Voluntary repatriation is only one element in bringing this sad story to a satisfactory conclusion. Moreover, I doubt that its pace could ever be adequate. Beyond that I say only that I should like to examine in detail what has been achieved today at Geneva, glad as I am that agreement has been reached. We all share humanitarian concern for the boat people, but such concern is at least tempered when set against the true reasons for about 90 per cent. of them leaving. I sincerely hope that if there is to be a six-month moratorium on forcible repatriation, it will not lead to a new and damaging influx. I am bound to say that there is a real risk that it might.

I should like to turn now to constitutional reform. For some time the wish of Hong Kong was indistinct on how representative government should develop. There was no clear view about how the proportion and totals of elected and other representatives to compose LEGCO should be made. The Government argued, and it is understandable that they should still argue, that due regard must be given not only to any emerging consensus, but also to the likely impact of any decision upon China and what that impact might mean for the continuity of approach up to 1997 and beyond.
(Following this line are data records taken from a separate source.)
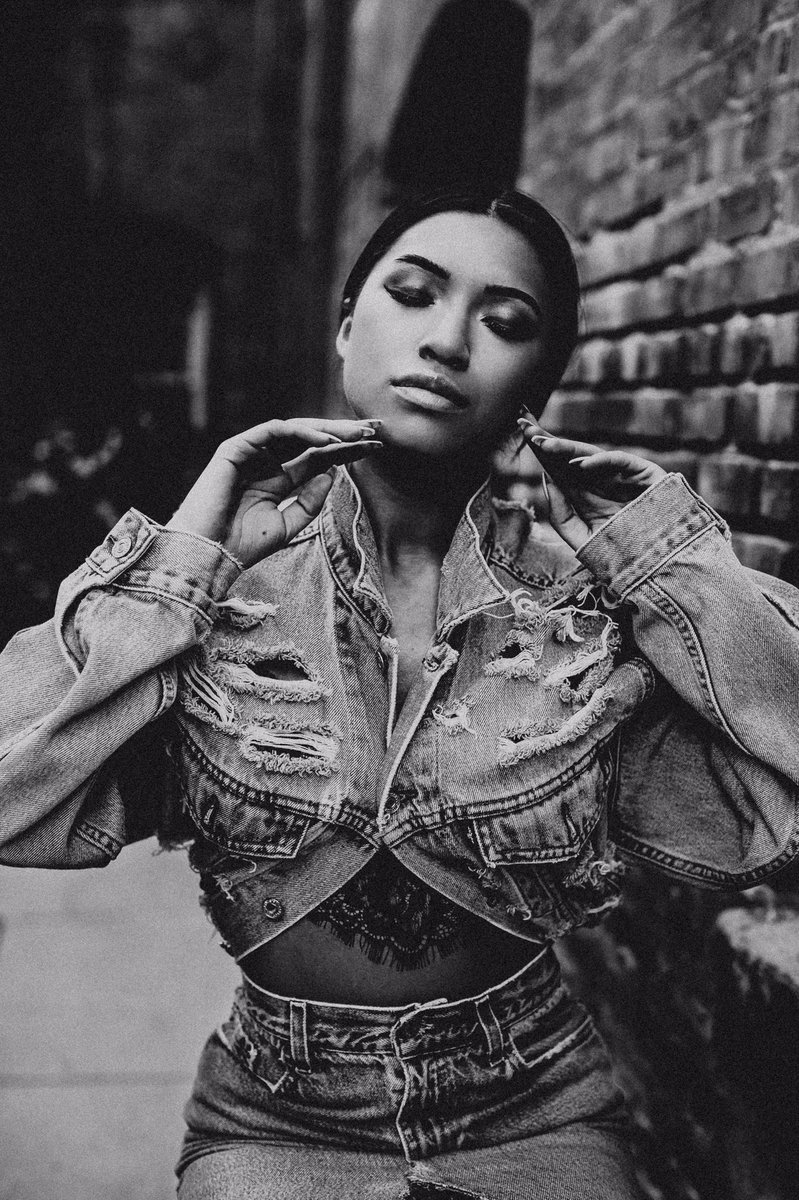 RaylenePereyra's tweet photo. Year Anniverary Issue out today!! https://t.co/ogCiNtsanM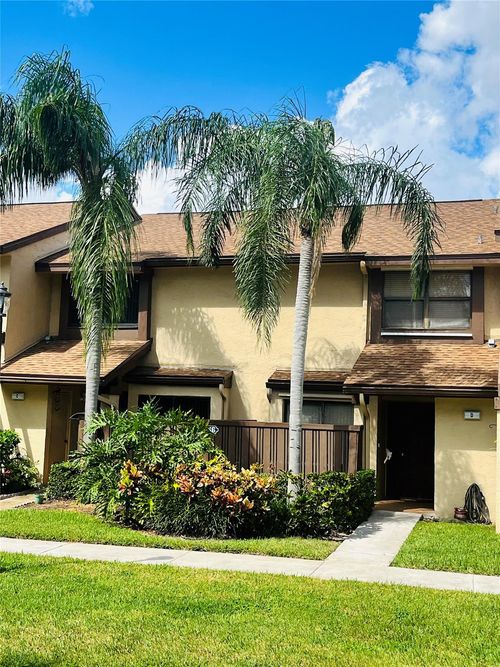 d-3966 Cocoplum Cir, Coconut Creek, FL, 33063-5957 | Card Image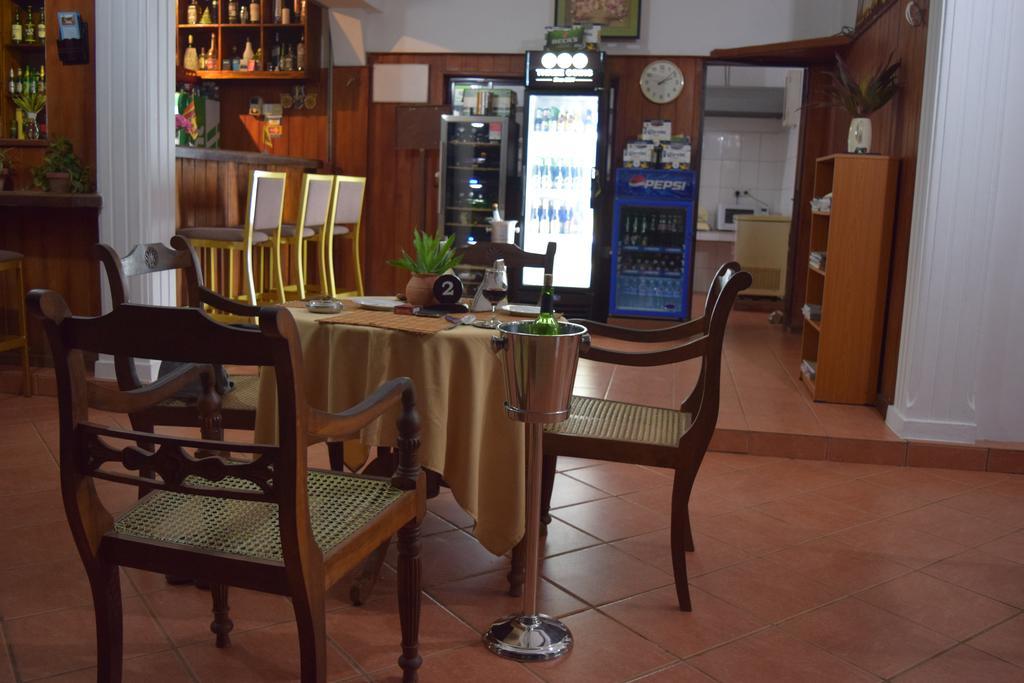 Hotel Lagoon Paradise Negombo Buitenkant foto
I do not think that we or the Chinese authorities can pretend that the ambiance within which earlier consideration of this issue took place is now the same as it was before 4th June. Not only are the events of those days fresh in all our minds, but since then we have seen dramatic moves towards democracy in eastern Europe. Surely there is a moral dimension in this. It really is difficult to encourage democracy in one part of the world and adopt a more restrained approach in another. Members of LEGCO know that should the Government support their consensus view on constitutional reform, the United Kingdom's opportunity to influence matters if changes are made post 1997 will be non existent. The force of the argument that adopting the consensus, based as it is partially on a degree of hope, is one of risk and of potentially damaging consequence is absolutely clear to me. I do not believe for one minute that it is lost on the people of Hong Kong. The greatest risk is that what we sign now could be unravelled in 1997, doing unique damage to the progressive mechanism of developing democracy and already transferred sovereignty.